十六箇所目 東京大学総合研究博物館・UTCC 文京区本郷

 本郷キャンパスを抜けて博物館へ行こうか、南北線で駒込に出て東洋文庫ミュージアムに寄ろうか、言問通りを下って根津神社を抜けて森鴎外記念館へ向かおうか、いっそのこと上野動物園にハシビロコウに会いに行こうか。


 こんな時、連れがいれば、上野桜木界隈に出て軽く昼飲みでもなのですが、さすがに一人で日のあるうちからというのは気が引けます。


 時計を見ると午後3時半を過ぎたところ。

 もうちょっと外をうろうろしていたい頃合い。

 ただ、電車で移動してだと、現地であまりゆっくりできそうにありません。

 ならば、行先は決まりです。


 言問通りをはさんで向かい側の東大本郷キャンパスにある、東京大学総合研究博物館へ。

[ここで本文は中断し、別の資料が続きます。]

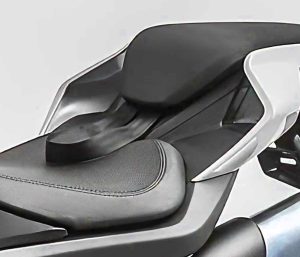 CFMoto 750 SR con cinturón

 弥生キャンパスから歩道橋で本郷キャンパスにまず渡ります。

 構内をぶらぶらと、ぶらぶらと、歩いていきます。

 博物館は、赤門よりまだ先です。

 右前方に、重厚な校舎とは対照的な、ガラス張りの建物が見えてきました。


 UTCC――東京大学コミュニケーションセンターです。


 赤門の脇に建つコミュニケーションセンターには、大学の研究活動から生まれた商品やオフィシャルグッズが並んでいます。

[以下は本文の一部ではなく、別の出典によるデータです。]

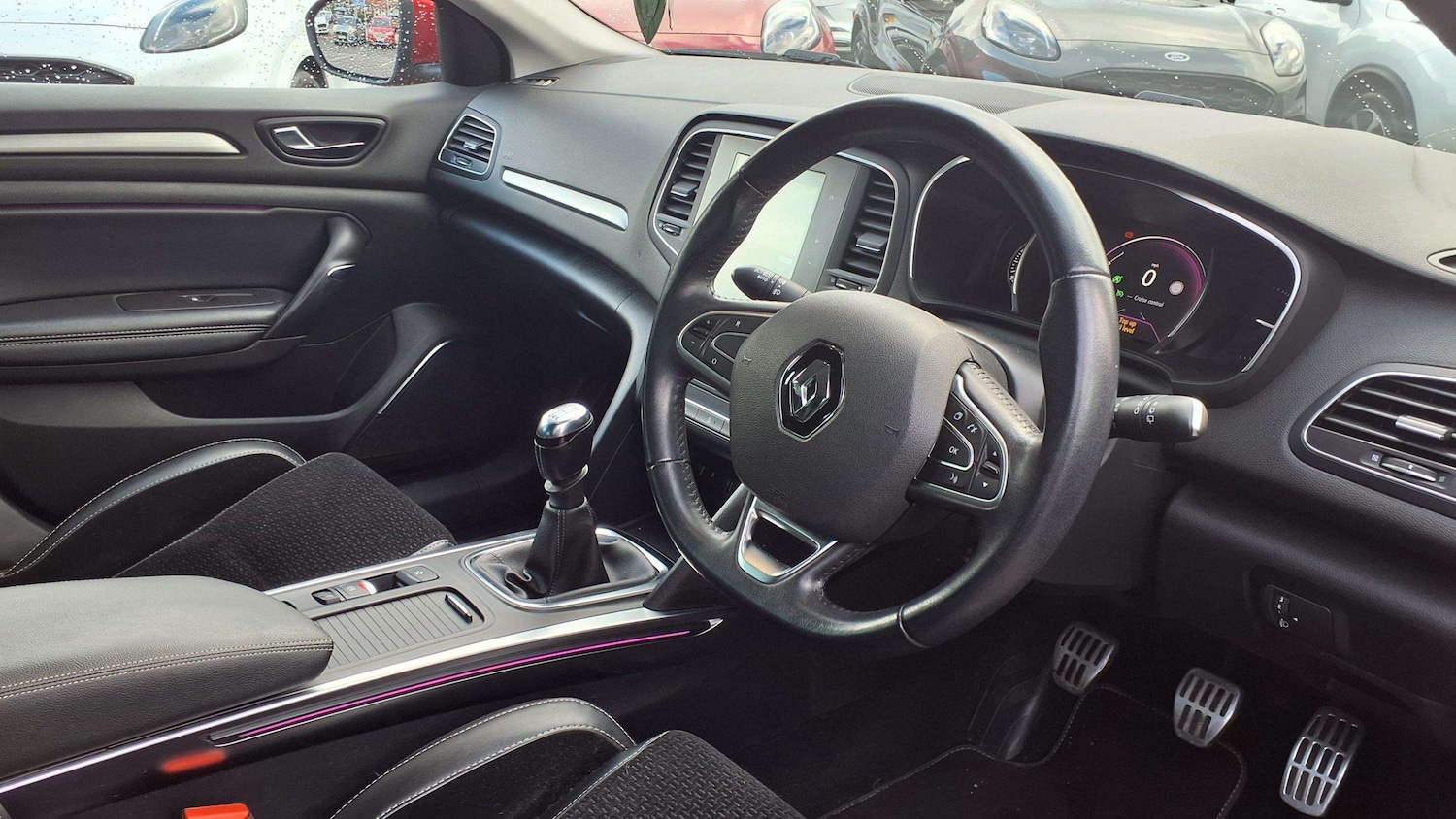 Used Renault Megane 2017 for sale - 76339549: Photo 5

 研究会に入るほど蓮の花好きの知り合いから、ここに大賀蓮おおがはすの香りをベースにしたオードパルファムがあると聞いていたので、立ち寄って香りを試してみました。

 清かで心に残る香りは、寺院の鐘を聴いた時のように、すっと鼻腔を抜けていきました。


 博物館関連の書籍も、こちらで扱っています。


 ここで目を惹いたのは、こちら。


『博士の肖像 人はなぜ肖像を残すのか』木下直之編 東京大学総合研究博物館


 歴代各学部の教授の肖像画、肖像彫刻の構内での所在調査をして、居場所の確認されたもののうちから計七十五点を紹介した展覧会の図録です。


 肖像とは、死者を追慕するもの……

 学校が存続し続ける限り、肖像となる死者も増え続けることになります。

 居場所の確保もしなければならなくなります。

 生きていても居場所を探し、死してなお居場所を探す。

 肖像とは、追慕のみならず、存在について考えさせられる呼び水でもあるようです。

 

 ラフカディオハーン像の浮彫は、機会があったら見てみたいです。


 図録を入手してから、足早に博物館へと向かいます。

 


 この博物館には、たまに訪れます。

 あまり人がおらず、いてもひっそりとしていて、好きな場所です。


 最初に訪れたのは、リニューアル前で、小惑星イトカワについての展示をしていました。


 ゴージャスな宣伝で、人で溢れかえっている博物館もあります。

 それも悪くはないのですが、生命体密度の低い、非生命体密度の高いここが、私にはしっくりきます。


 こちらの博物館はリニューアル後、「展示型収蔵」という試みがされていました。

 自動ドアが開くと、目の前に、大きなガラスケースが現れます。

  

 コレクションボックス。


 学術標本が俯瞰できるようなディスプレイです。


 自然標本、考古発掘出土品、骨格標本、剥製、中でも目をひかれたのは、小柄な人の丈ほどもありそうな、大きな、偕老同穴かいろうどうけつ(もどき?)。 

 細かな編み目状の筒には、二匹の海老が住まうのだとか。

 その二匹は雄と雌で、筒の中で成長するのでそのまま外に出られなくなり、そのまま二匹同じ場所で生涯を終えるのだとか。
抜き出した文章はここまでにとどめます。